With the flock we have a routine. I let them sleep until late, usually 11am. Then they will start making some tentative noises to check if I'm around. At that point I will say "Yeah Yeah Yeah ok, coming", and they explode in yells, whistles, barks depending on the individual preferences... and this goes on while I uncover them, hoover the room and put breakfast on the table, so to speak.
Loads of walking up and down the cages. I open the cages and they just jump out and fly for about 10 minutes... That's time for me to sit with my tea and a millet spray branch, so they all hover around me and I am basically covered in birds for a while. In that situation I might be able to touch the wild ones too. Heaven


----------



## TJSueBee (Mar 19, 2013)

It's fun reading the different greetings. Our TJ starts screeching as soon as the garage door opens. When he sees us - he'll whistle and run from perch to perch in excitement. Then he has snuggle time.


----------



## CountryGirlUK (Aug 8, 2013)

When I was young I had a cockatiel who would go upside down on the roof of his cage. I tried to get him to say "G'day, mate" at the same time but it didn't happen.


----------



## stevechurch2222 (Sep 25, 2011)

Our cockatiels start chirping when we get home.


----------



## vampiric_conure (Jul 8, 2012)

I usually get cockatiel contact calls. A very loud "CHIRP' comes from either Mindwipe or Redshift, followed by Archie (conure's) squeaky door hinge call. Sometimes Mindwipe will do what I call the 'lemmie out lemmie out' dance, where she paces along the length of the perch by the door until she's let out. When she does that it usually means she's bored to tears and wants something to do.


----------



## mgs5manj (Jun 25, 2013)

My bird quietly peeps.


----------



## EntwinedSpoon (Jun 12, 2013)

Nod screams. LOUD. Over and over again until I let him out. He's a little spoiled ^_^;


----------



## minifish (Feb 4, 2013)

Nice to read all the different greetings. With Bluey it's noise as soon as garage door opens till he's let out the cage lol, also does the let me out the cage dance, up and down up and down the perch, funny little chap!


----------



## Keeta (Jan 5, 2013)

Loud screams, followed by the upside down, wings out position.


----------



## karendh (Mar 25, 2013)

Birdie has a very unique light chirp when she says hello. I have been in the UK for twelve days and my friend has been looking after Birdie. Ann comes in three or four times a day to feed and play with her and she keeps to the same routine as me. When I arrived back last night at 20.30 she kept up her hello chirp for about three minutes, bobbing her head as she does, then climbed onto her bedtime platform at which time, I put her into her own room and boy, was she glad to see me this morning.


----------



## Vickitiel (Oct 10, 2012)

Coco greets me first thing in the morning by trying to get out of her cage!
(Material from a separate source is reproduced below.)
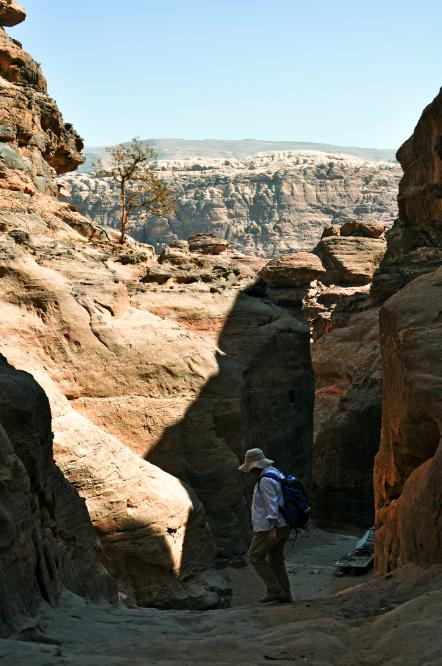 101020-124712.jpg - Petra: Ein Bergpfad führt durch das Wadi Kharareeb zum Grabtempel Ed-Deir.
I feel so guilty when I'm in a rush to go somewhere and can't let her out beforehand, but I'd imagine she isn't so desperate to get out when I'm not in sight.

Henry and Honey greet me with blank stares haha, or little peeps. Henry almost always has something to say, too.


----------



## Gingershine12 (Jul 1, 2013)

Chica shrieks happily.
The only sound she can make is shrieking but she has lots of different versions of the same sound (happy shriek, angry shriek, excited shriek, "I'm here" shriek, etc.)


----------



## annabelcc (Jun 4, 2013)

Piper cheeps incessantly until I let her out if she can see me. 
If I've been out during the day, when she hears my car alarm boop I can hear her flock calling to let her out. My flatmates say she only does it when I'm about to walk in the door haha, if they don't hear my car boop, they know I'm home because of Piper.
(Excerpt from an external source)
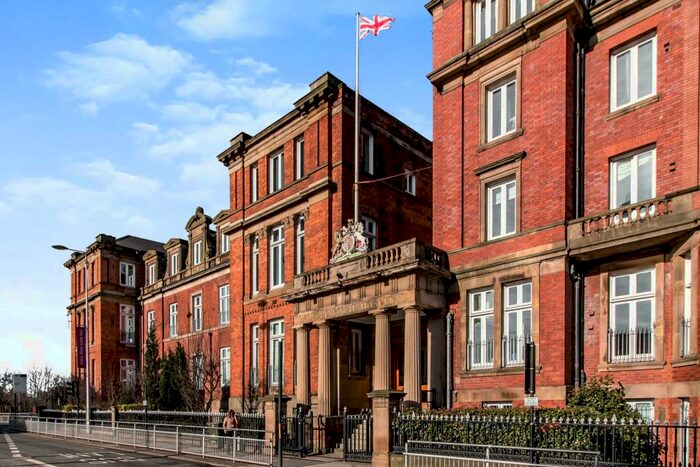 2 Bedroom Apartment To Rent In Wilton Place, Salford, Greater Manchester, M3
I can't wait until her new cage arrives - her current one is a bit on the small side and I know she gets angsty.


----------



## Vickitiel (Oct 10, 2012)

All these are so cute to read! :blush:



annabelcc said:


> I can't wait until her new cage arrives - her current one is a bit on the small side and I know she gets angsty.


Ooh, what does your new cage look like?


----------



## OwO (11 mo ago)

Chika screams when he hears me coming and when I come into the room he goes CRAZY! He starts chirping our “special chirp”, which his his imitation of my imitation of his chirp. He only does it for me  
He leans toward me when I get close to his cage and raises his foot. That’s basically him saying, “Pick me up NOW!!” And he starts running around his cage like crazy, chirping and chattering to get my attention. When I open the cage door he always trips over something in his hurry to get to the cage door lol.

Then he’d fly to my hand and become a big show off. Singing with heartwings, you know the deal. Then he’ll fly a few laps around the house and land on somebody’s head every now and then.

I love him.


----------